***** Data provided
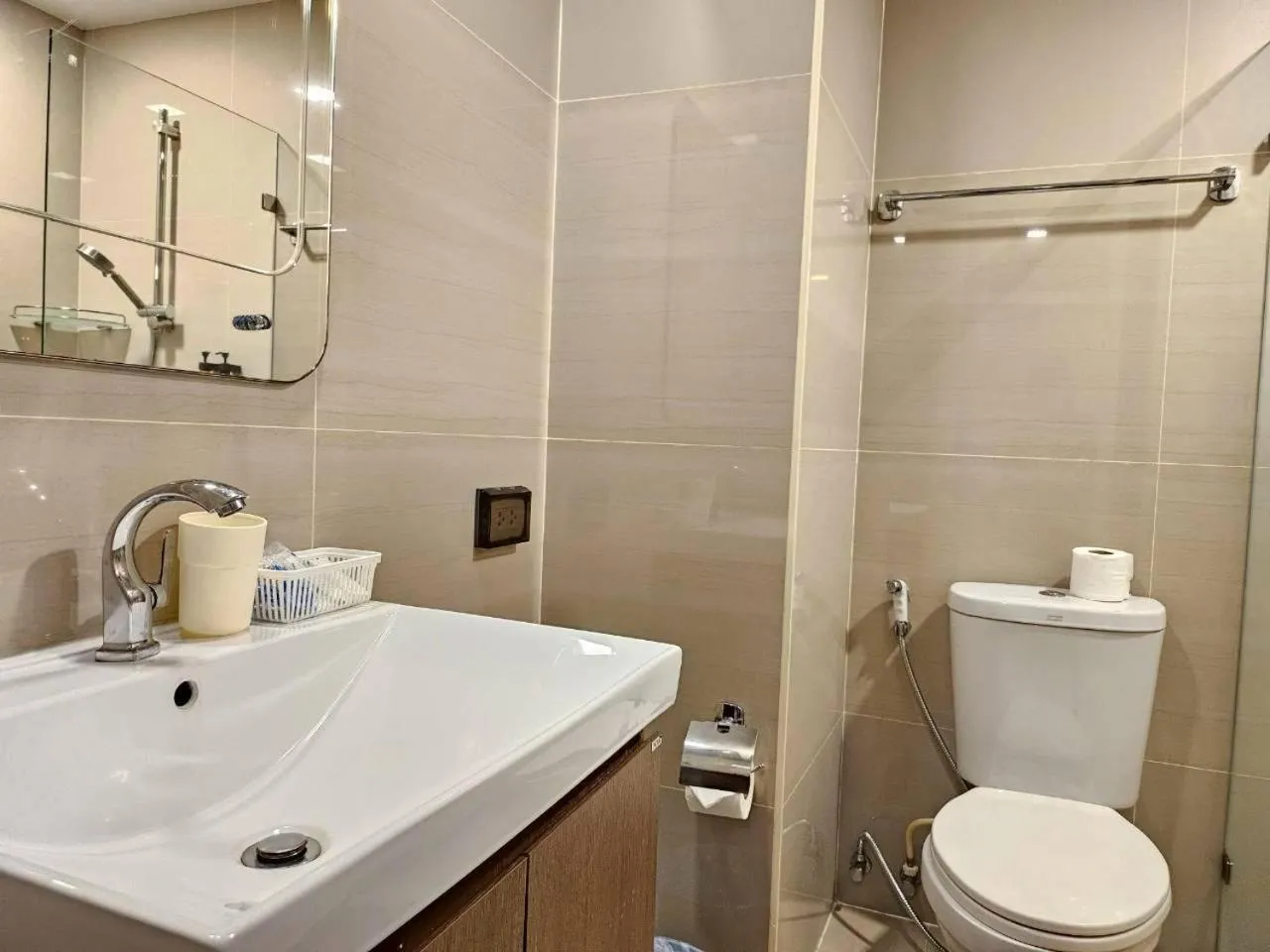 Baan Tanwa - MRT Ratchadapisek Exit 1 or 2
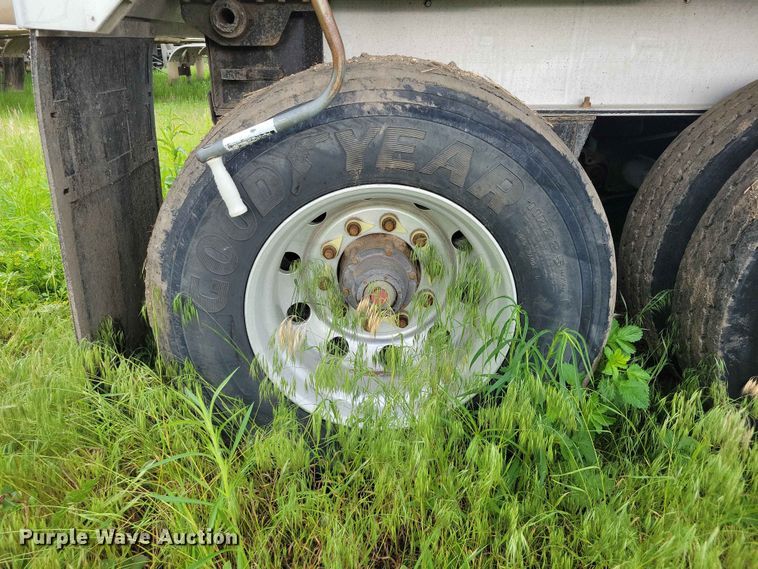 image for item EE1054 2015 Mac end dump trailer
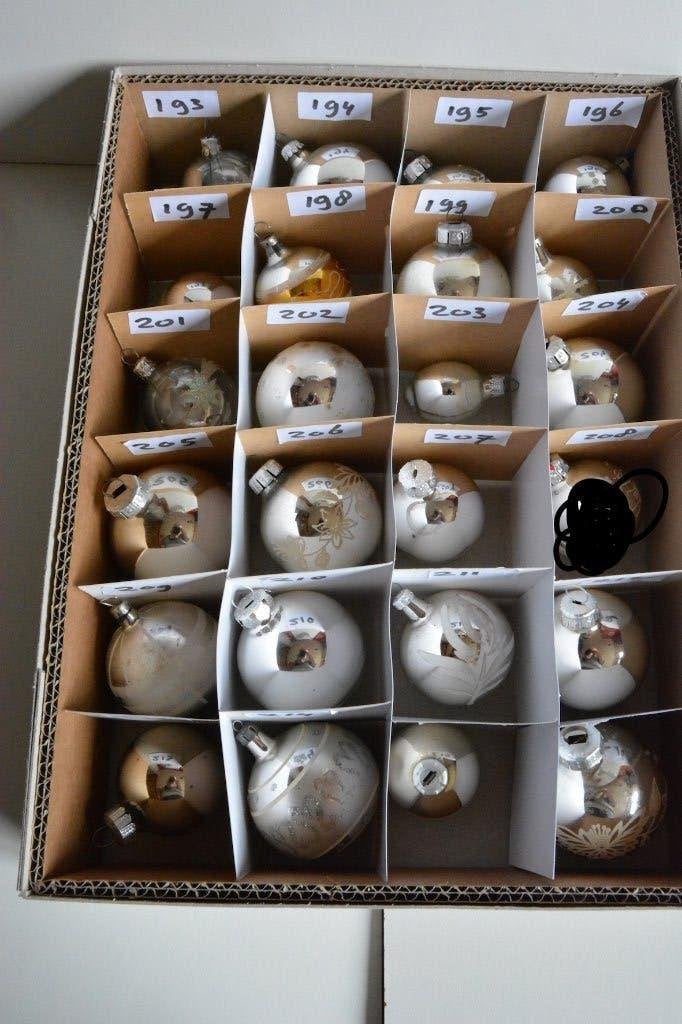 Kerstballen zilver Doos 9, Diversen, Ophalen of Verzenden, Zo goed als nieuw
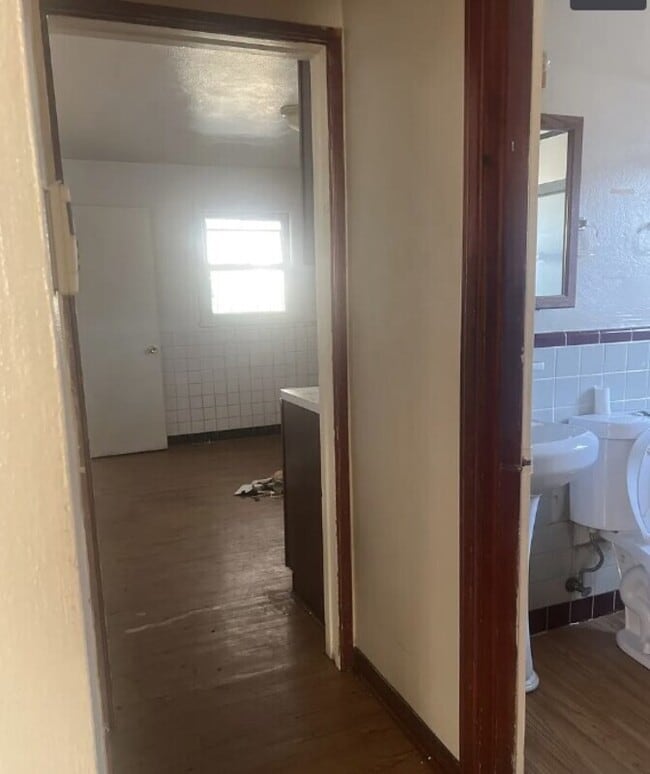 Photo - 6705 Donald St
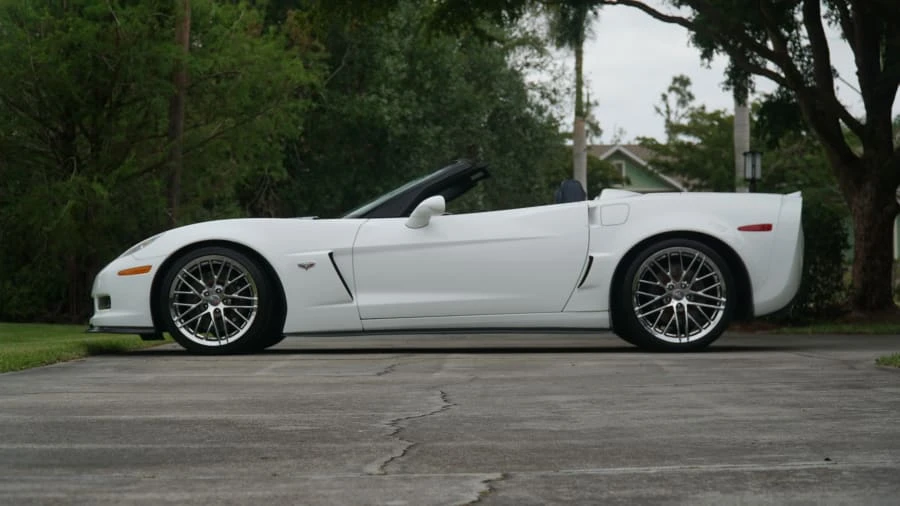 2013 Chevrolet Corvette C6 - Image 17 of 18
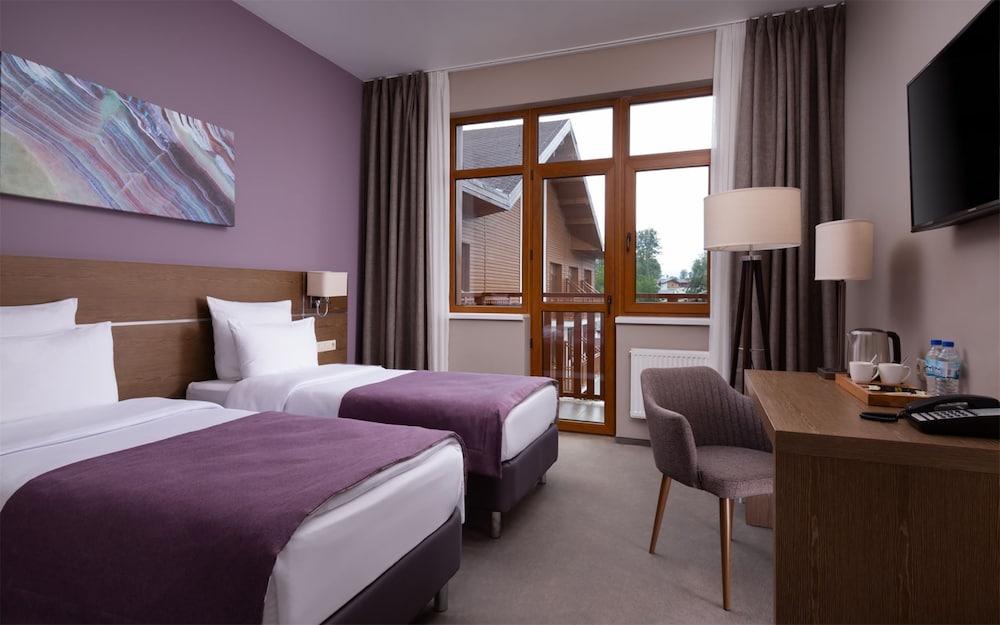 Superior Twin Room, Balcony, City View photo 3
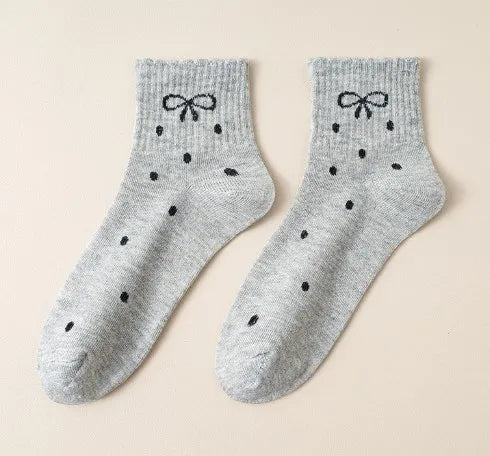 4Pairs Cute Dots Socks Cotton Harajuku Vintage Streetwear Crew Sock Japanese Kawaii Women Ruffle Dot Sock with Bow Girl's Gift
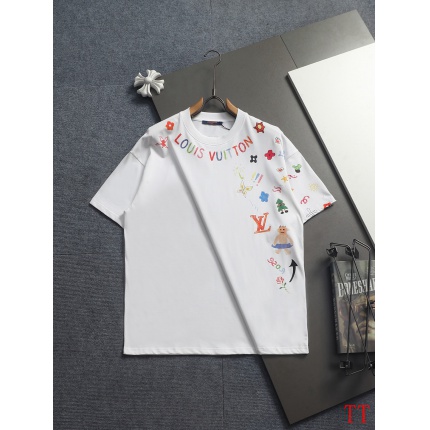 Louis Vuitton Short Pants For Men in 209777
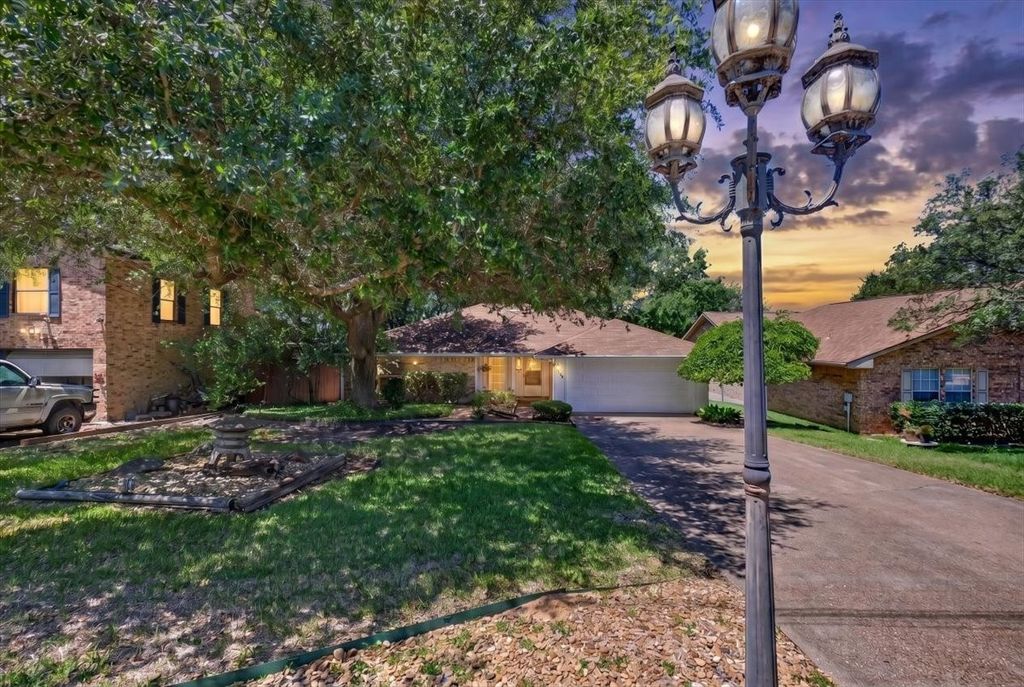 10118 Lakeview Street, Payne Springs, TX 75156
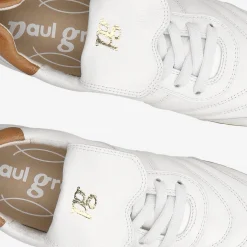 Sneaker with removable footbed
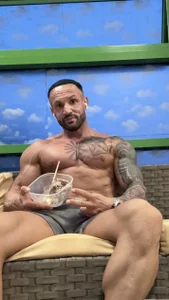 Magnificmuscles89: Me in gym ( фото)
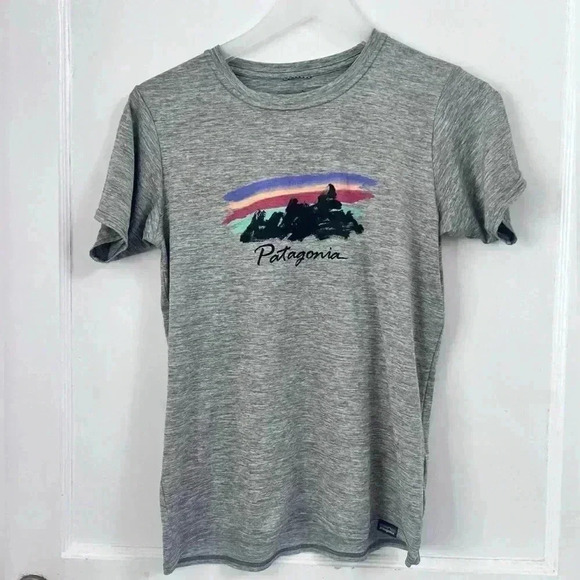 Patagonia Women's Cap Cool Daily Graphic Shirt in SKFE '73 Skyline Feather Grey - Picture 1 of 3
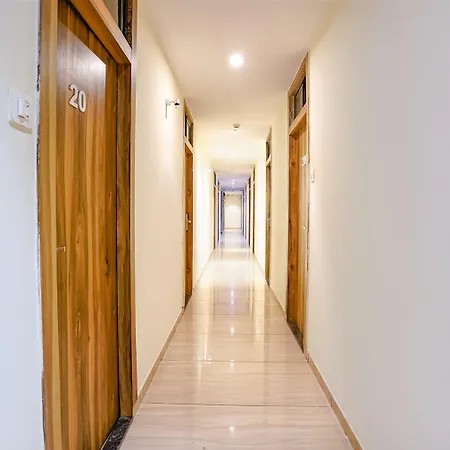 Fabhotel Cozy - Nr International Airport Hotel Mumbai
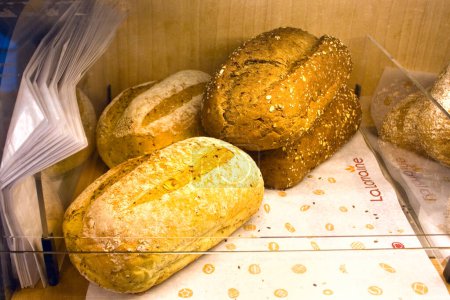 Foto de La variedad fresca cocida del pan en el mercado - Imagen libre de derechos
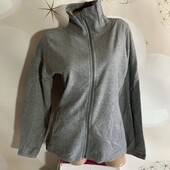 Флисовая кофта на молнии размер м, состояние хорошее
**********
* _Instructions to follow_
Each record above goes into the copy word for word; the pictures do not.

* _Result_
 Baan Tanwa - MRT Ratchadapisek Exit 1 or 2
 image for item EE1054 2015 Mac end dump trailer
 Kerstballen zilver Doos 9, Diversen, Ophalen of Verzenden, Zo goed als nieuw
 Photo - 6705 Donald St
 2013 Chevrolet Corvette C6 - Image 17 of 18
 Superior Twin Room, Balcony, City View photo 3
 4Pairs Cute Dots Socks Cotton Harajuku Vintage Streetwear Crew Sock Japanese Kawaii Women Ruffle Dot Sock with Bow Girl's Gift
 Louis Vuitton Short Pants For Men in 209777
 10118 Lakeview Street, Payne Springs, TX 75156
 Sneaker with removable footbed
 Magnificmuscles89: Me in gym ( фото)
 Patagonia Women's Cap Cool Daily Graphic Shirt in SKFE '73 Skyline Feather Grey - Picture 1 of 3
 Fabhotel Cozy - Nr International Airport Hotel Mumbai
 Foto de La variedad fresca cocida del pan en el mercado - Imagen libre de derechos
 Флисовая кофта на молнии размер м, состояние хорошее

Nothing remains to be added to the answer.